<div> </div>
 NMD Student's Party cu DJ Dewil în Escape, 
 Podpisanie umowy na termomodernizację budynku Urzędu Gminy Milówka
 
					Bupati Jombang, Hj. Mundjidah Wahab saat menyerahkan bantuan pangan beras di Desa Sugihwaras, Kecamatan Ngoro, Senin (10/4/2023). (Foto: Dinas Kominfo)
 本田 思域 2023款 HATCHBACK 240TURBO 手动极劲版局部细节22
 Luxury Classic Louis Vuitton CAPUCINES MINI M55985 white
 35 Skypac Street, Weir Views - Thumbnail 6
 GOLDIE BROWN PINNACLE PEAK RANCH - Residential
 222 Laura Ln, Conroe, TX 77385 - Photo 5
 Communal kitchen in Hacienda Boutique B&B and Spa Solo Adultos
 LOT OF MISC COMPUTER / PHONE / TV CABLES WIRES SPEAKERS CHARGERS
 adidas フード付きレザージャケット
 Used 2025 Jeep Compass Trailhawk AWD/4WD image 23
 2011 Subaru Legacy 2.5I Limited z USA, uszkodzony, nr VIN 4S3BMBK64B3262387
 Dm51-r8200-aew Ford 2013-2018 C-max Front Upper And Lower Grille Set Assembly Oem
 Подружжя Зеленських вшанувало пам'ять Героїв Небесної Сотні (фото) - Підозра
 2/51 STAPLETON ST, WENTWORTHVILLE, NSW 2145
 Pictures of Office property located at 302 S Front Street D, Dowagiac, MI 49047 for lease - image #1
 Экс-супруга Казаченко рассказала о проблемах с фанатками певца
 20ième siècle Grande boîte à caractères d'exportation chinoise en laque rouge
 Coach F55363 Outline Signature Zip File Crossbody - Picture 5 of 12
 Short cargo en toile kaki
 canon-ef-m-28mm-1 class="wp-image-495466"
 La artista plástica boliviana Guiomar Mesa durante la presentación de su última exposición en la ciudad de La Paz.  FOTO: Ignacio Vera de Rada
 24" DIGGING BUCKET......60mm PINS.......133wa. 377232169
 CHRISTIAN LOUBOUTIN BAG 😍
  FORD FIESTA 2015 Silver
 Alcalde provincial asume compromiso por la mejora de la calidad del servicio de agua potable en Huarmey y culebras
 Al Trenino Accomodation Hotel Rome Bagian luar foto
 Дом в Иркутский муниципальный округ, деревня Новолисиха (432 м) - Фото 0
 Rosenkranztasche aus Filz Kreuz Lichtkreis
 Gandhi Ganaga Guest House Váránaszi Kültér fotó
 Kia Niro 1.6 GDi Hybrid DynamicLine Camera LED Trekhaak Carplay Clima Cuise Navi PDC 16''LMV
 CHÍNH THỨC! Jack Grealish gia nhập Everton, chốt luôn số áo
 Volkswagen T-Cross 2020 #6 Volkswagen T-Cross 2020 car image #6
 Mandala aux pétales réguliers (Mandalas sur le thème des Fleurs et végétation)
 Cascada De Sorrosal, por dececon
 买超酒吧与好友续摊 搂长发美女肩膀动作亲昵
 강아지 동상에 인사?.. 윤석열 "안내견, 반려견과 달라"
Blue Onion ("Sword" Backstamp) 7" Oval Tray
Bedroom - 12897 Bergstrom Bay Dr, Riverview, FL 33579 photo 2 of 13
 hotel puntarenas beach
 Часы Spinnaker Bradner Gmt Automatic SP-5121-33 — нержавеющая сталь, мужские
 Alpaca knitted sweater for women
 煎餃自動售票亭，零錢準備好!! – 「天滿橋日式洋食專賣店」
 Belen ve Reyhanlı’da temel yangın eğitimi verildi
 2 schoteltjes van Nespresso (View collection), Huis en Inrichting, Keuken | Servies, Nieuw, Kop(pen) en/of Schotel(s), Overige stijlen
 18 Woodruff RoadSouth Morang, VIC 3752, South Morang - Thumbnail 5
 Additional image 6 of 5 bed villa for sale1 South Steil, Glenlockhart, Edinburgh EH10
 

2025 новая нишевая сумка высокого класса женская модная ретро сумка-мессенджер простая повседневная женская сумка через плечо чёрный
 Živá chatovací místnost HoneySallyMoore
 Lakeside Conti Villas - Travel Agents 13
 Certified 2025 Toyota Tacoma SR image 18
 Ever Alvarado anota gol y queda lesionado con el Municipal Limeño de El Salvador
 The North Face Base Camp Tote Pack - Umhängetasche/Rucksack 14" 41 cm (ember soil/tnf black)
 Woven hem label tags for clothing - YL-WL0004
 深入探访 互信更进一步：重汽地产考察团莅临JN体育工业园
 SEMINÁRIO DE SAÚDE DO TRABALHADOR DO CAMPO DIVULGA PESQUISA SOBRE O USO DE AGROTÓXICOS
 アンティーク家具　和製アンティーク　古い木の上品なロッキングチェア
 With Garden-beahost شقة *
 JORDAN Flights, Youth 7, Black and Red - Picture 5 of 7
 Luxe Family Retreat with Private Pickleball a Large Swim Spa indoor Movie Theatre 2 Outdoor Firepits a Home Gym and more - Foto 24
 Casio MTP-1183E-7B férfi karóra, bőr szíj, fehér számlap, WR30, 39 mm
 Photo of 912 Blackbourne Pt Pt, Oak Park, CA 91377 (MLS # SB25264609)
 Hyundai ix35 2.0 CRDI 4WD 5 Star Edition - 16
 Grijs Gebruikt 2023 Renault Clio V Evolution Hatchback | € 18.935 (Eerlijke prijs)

▶ _REQUIRED WORK_
Where a line of the records includes "image", copy it.

▶ _ANSWER BOX_
 Used 2025 Jeep Compass Trailhawk AWD/4WD image 23
 Pictures of Office property located at 302 S Front Street D, Dowagiac, MI 49047 for lease - image #1
 canon-ef-m-28mm-1 class="wp-image-495466"
 Volkswagen T-Cross 2020 #6 Volkswagen T-Cross 2020 car image #6
 Additional image 6 of 5 bed villa for sale1 South Steil, Glenlockhart, Edinburgh EH10
 Certified 2025 Toyota Tacoma SR image 18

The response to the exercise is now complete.